## WHAT IS NEEDED
In the material below, find the line with "Rustic wood wedding" and the line with "Bote de cristal". Output exactly those two lines and all lines between them, leaving out pictures.

## DATASET ENTRIES
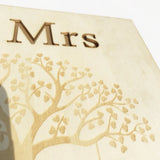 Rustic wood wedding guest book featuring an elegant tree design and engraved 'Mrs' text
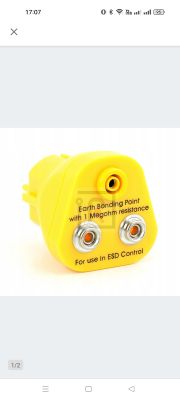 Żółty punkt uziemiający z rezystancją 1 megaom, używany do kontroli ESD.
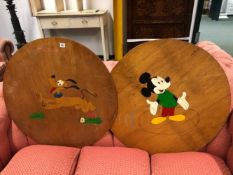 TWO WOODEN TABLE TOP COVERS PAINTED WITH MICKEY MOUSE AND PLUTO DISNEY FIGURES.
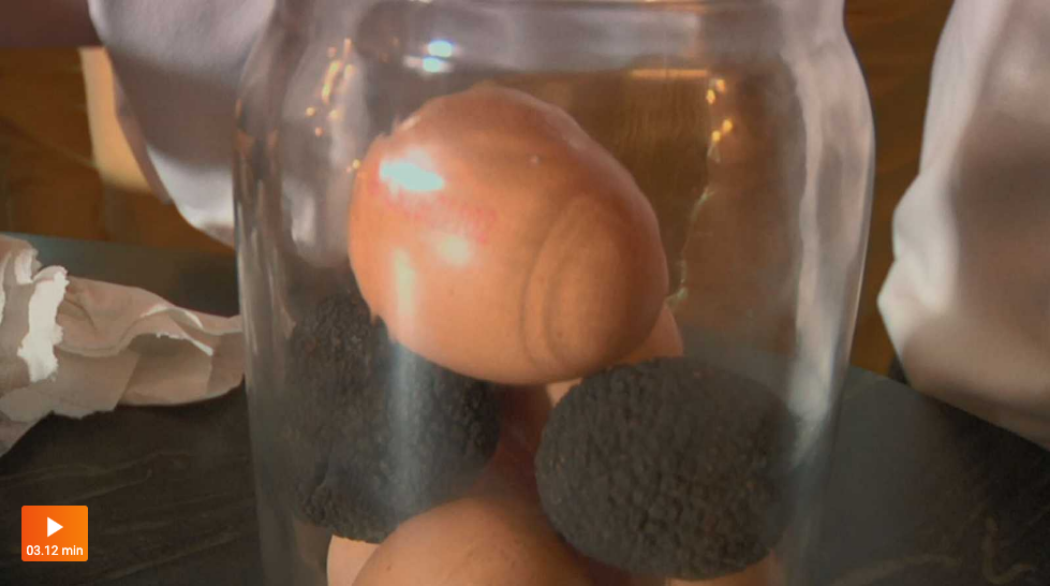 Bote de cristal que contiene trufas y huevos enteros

--

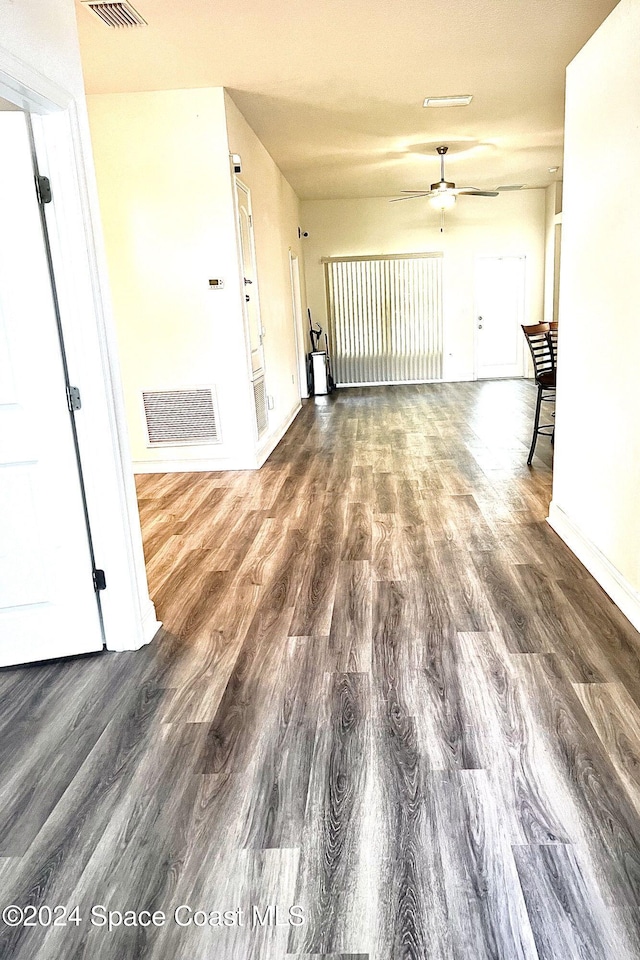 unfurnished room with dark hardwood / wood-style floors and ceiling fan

## OUTPUT FOR THIS TASK
 Rustic wood wedding guest book featuring an elegant tree design and engraved 'Mrs' text
 Żółty punkt uziemiający z rezystancją 1 megaom, używany do kontroli ESD.
 TWO WOODEN TABLE TOP COVERS PAINTED WITH MICKEY MOUSE AND PLUTO DISNEY FIGURES.
 Bote de cristal que contiene trufas y huevos enteros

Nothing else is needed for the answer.